Doch die georgische Realität mit Mangelwirtschaft, Bandenkriminalität und Krieg lässt sich durch die intensive Freundschaft besser ertragen, verschafft ihnen aber auch traumatisierende Erlebnisse. Sie werden Zeuginnen von Morden, Vergewaltigungen, Drogenkonsum, Erpressungen in einer verwundeten Welt.
Die zwangsverheiratete Nene muss erleben, wie ihr Mann ihren Geliebten ermordet. Ketos Bruder kommt zunächst ins Gefängnis, wird später drogensüchtig und landet schließlich in der Psychiatrie. Ein Schlüsselbild für den Mangel ist ein kleines Mädchen, das im Schneeanzug auf einer Leiter sitzt und dort lernt, weil oben die Luft ein wenig wärmer ist.

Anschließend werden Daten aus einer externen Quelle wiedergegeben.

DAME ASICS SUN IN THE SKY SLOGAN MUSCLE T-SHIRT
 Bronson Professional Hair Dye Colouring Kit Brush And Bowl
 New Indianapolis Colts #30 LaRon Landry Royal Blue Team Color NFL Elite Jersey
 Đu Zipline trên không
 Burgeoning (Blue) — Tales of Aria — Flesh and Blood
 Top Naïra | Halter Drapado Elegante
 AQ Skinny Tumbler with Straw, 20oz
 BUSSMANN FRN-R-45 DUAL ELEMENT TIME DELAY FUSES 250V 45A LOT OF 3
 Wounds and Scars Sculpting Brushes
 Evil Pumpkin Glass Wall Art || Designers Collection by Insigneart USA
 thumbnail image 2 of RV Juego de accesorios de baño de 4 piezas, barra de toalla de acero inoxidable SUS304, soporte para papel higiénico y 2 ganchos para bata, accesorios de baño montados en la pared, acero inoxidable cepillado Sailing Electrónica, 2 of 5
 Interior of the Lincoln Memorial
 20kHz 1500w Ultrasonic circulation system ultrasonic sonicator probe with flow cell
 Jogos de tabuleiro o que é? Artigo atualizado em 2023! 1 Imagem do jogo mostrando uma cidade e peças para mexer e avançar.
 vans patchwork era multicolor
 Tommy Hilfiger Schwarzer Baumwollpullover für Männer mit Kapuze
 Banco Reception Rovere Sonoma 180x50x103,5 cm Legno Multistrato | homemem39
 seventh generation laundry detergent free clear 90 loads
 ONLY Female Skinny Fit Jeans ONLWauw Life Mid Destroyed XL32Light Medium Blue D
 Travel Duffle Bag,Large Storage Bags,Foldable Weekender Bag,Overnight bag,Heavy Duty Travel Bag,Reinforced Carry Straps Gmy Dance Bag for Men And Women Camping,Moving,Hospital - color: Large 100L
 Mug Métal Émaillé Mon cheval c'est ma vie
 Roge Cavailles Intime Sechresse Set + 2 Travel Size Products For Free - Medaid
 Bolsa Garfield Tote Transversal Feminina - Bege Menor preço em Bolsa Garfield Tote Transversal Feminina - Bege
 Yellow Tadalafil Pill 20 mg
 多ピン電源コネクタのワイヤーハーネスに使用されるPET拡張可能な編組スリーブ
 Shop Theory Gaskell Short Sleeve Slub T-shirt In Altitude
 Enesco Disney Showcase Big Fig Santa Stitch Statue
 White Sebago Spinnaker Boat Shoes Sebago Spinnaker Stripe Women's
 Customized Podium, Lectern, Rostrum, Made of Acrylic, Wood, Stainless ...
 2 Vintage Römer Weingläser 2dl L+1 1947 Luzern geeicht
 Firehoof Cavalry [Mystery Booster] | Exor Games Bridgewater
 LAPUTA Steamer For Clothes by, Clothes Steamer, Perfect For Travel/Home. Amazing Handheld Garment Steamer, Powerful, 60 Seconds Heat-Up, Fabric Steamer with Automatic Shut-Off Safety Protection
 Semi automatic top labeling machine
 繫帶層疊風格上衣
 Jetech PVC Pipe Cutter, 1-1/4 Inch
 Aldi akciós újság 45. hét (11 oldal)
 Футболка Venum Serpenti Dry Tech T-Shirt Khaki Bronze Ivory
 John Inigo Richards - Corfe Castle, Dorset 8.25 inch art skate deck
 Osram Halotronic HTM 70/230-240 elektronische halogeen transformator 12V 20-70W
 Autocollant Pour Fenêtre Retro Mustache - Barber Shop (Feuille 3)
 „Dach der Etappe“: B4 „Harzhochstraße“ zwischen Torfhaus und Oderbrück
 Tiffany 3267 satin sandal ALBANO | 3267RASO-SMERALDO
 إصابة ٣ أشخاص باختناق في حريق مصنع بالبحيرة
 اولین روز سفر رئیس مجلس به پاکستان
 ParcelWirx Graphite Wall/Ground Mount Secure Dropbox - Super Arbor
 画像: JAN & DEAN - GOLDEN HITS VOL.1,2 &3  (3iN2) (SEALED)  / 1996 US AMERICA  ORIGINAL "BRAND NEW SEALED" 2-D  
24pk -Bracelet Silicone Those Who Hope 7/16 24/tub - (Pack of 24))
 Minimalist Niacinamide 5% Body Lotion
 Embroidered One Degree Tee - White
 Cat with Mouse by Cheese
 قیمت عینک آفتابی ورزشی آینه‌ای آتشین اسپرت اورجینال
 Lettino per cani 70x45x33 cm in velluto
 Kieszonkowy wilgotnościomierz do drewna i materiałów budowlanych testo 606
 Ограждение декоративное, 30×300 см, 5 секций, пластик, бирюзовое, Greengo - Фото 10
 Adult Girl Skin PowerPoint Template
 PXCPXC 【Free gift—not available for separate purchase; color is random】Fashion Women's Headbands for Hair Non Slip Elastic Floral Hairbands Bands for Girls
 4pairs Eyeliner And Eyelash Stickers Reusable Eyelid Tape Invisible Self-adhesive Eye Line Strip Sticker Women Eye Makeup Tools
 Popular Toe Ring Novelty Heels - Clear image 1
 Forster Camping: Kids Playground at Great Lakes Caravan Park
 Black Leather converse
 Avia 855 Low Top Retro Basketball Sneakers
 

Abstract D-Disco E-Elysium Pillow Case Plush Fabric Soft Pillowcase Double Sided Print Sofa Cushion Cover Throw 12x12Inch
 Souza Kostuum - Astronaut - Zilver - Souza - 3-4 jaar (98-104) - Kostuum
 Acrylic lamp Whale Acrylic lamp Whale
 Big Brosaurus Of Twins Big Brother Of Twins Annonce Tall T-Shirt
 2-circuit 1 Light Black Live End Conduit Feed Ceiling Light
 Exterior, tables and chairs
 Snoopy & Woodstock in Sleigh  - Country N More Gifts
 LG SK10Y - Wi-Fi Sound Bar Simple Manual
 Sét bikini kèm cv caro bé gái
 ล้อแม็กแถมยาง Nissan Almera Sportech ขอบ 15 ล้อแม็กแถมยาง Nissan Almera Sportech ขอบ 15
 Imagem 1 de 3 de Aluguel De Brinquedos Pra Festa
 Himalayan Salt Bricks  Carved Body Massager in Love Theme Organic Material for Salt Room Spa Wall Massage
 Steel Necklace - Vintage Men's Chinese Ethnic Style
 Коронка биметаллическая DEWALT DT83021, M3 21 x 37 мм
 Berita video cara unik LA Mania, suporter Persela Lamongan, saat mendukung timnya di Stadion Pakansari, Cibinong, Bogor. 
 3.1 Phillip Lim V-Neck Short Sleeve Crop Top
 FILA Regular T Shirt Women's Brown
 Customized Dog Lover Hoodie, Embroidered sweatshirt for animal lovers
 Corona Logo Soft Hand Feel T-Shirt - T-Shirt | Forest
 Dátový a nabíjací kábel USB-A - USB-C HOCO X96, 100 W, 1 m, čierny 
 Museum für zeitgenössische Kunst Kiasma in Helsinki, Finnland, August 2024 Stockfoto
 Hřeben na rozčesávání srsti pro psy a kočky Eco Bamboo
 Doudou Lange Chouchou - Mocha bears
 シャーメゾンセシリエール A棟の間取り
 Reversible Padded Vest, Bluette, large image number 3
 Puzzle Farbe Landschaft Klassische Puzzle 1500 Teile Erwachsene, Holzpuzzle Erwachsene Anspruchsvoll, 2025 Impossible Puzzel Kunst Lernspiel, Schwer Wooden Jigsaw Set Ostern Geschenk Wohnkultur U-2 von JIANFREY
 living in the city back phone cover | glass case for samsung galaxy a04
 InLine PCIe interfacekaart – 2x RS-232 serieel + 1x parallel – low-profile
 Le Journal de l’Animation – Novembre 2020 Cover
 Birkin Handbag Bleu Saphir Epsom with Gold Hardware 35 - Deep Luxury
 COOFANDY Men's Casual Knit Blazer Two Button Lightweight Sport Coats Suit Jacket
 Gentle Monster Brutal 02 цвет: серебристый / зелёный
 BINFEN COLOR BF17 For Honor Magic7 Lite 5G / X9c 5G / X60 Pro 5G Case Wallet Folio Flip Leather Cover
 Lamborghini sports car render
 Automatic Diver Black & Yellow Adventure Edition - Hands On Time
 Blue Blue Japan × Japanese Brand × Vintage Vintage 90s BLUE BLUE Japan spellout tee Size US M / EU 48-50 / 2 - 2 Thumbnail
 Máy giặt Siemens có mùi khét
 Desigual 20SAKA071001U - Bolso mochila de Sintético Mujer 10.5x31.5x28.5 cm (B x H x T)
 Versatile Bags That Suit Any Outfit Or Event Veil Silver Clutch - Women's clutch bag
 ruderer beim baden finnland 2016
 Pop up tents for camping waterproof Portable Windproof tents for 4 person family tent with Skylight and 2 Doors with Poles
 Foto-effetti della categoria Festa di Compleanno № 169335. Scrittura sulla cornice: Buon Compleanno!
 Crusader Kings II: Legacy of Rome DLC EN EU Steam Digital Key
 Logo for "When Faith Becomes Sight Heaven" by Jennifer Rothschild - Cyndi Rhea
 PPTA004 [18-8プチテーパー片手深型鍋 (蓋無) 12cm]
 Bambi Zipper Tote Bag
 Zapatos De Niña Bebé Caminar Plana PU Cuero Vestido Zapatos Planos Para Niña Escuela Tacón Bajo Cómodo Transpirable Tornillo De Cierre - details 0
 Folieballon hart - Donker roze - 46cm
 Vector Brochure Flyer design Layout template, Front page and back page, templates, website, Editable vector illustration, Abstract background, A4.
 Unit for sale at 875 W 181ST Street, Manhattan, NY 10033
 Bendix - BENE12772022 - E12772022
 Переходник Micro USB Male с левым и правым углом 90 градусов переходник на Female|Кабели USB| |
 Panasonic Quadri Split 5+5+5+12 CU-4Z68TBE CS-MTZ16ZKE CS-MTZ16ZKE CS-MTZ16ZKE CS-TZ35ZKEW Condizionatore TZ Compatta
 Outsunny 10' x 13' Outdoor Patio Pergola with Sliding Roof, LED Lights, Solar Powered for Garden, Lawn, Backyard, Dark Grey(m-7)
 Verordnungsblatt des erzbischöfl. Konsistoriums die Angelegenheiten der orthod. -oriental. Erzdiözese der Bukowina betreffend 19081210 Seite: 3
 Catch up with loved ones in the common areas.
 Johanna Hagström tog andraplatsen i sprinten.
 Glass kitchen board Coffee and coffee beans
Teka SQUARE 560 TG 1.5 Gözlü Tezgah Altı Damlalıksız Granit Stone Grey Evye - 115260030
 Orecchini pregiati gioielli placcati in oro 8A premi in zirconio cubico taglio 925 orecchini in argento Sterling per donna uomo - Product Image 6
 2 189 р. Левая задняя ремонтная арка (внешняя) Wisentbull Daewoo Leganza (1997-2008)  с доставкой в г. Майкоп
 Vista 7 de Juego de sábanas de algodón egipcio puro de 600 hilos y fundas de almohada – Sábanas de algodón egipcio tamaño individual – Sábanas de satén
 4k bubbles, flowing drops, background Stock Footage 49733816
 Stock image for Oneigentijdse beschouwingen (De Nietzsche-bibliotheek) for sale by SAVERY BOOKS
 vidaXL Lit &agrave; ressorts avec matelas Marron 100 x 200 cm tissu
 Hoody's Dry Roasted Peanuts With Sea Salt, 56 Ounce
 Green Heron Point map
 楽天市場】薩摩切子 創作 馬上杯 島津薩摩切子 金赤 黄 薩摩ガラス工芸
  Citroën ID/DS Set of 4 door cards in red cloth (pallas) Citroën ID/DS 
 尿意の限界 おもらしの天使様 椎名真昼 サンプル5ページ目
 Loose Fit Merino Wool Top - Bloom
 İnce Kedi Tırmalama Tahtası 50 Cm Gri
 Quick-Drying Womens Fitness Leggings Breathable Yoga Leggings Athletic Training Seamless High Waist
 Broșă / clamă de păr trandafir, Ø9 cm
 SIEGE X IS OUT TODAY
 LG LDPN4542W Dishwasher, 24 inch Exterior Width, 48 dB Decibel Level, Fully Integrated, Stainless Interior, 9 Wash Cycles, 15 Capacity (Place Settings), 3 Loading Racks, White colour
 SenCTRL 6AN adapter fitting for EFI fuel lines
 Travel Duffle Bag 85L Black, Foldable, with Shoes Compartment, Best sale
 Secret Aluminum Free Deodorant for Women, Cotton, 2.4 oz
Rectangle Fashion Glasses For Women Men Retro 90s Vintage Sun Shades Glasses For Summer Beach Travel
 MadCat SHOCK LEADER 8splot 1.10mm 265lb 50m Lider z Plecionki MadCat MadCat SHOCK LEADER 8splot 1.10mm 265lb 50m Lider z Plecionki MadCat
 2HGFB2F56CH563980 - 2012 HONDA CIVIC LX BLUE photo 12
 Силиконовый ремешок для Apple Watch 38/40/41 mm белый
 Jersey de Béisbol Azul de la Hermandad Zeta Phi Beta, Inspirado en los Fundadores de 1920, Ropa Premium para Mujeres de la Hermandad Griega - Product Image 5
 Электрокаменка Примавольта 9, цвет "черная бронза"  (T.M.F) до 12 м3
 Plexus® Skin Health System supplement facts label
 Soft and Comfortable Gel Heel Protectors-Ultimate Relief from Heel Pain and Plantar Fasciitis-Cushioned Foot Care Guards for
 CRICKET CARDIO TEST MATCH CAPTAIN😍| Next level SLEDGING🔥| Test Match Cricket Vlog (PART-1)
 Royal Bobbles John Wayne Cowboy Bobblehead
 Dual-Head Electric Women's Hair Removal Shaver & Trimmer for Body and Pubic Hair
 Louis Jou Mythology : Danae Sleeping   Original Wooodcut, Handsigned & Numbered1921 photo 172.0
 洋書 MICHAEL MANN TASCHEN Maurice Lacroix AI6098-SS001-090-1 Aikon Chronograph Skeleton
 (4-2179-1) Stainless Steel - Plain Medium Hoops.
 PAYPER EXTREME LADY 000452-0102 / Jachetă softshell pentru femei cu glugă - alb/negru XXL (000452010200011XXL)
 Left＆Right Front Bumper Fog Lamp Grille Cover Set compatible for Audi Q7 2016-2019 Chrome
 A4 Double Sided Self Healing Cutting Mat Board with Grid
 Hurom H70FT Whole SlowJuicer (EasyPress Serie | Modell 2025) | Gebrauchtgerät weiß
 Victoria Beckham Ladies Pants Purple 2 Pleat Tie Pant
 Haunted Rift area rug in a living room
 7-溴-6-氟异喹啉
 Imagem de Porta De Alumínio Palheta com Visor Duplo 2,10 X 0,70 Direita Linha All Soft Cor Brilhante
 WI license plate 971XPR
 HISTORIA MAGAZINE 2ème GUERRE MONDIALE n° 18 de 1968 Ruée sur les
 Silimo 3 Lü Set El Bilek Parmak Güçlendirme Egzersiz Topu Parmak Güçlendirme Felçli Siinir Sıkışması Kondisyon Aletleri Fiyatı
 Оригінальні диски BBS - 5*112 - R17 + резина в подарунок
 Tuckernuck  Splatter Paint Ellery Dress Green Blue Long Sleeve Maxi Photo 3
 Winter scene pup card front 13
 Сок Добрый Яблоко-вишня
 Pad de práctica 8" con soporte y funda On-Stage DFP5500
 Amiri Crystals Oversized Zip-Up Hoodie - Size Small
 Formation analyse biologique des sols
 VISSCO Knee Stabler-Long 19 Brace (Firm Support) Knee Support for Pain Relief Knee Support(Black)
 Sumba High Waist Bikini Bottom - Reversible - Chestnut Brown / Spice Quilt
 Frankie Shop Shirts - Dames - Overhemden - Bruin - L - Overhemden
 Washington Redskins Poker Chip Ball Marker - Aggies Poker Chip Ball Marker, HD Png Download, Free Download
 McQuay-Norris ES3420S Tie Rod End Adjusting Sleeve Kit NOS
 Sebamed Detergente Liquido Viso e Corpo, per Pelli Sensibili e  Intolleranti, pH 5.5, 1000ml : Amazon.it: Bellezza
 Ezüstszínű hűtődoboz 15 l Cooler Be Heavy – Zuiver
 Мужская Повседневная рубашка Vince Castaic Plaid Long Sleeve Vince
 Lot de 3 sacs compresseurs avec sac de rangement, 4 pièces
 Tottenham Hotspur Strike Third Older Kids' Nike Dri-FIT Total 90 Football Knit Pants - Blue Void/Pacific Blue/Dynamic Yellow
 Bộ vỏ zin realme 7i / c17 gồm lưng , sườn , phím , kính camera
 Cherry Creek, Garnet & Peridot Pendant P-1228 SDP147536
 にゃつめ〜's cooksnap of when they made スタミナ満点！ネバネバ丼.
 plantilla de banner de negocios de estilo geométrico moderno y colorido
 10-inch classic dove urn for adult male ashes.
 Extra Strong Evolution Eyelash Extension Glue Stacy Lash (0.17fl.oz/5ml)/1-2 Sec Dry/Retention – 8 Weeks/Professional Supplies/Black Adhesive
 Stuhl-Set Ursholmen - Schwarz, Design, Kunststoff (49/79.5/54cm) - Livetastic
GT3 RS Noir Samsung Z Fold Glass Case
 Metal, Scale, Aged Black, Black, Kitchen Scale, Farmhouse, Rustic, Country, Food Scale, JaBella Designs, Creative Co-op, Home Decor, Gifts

Wiedersehen bei einer Ausstellung
Es sind tatsächlich Bilder, die dem Roman den Takt geben. Drei der vier Freundinnen treffen sich 2019 in Brüssel bei einer Ausstellung von Fotografien der Kriegsreporterin Dina nach vielen Jahren wieder. Sie, deren Freund und Mentor im Abchasienkrieg starb, hat sich um die Jahrtausendwende selbst umgebracht.
Da war jede der Vier längst ihrer eigenen Wege gegangen. Doch anhand der Bilder, erinnern sich die drei, setzen die Vergangenheit wie ein Puzzle zusammen, finden nach fast 30 Jahren den Schlüssel zu Verletzungen und Geheimnissen, die damals das Ende ihrer Freundschaft besiegelt hatten.
Dabei macht es Nino Haratischwili einem nicht immer leicht zu folgen, zu unvermittelt springt sie oft zwischen Gegenwart und Vergangenheit. Doch entwickelt der Roman durch seinen prallen Erzählstil einen enormen Sog.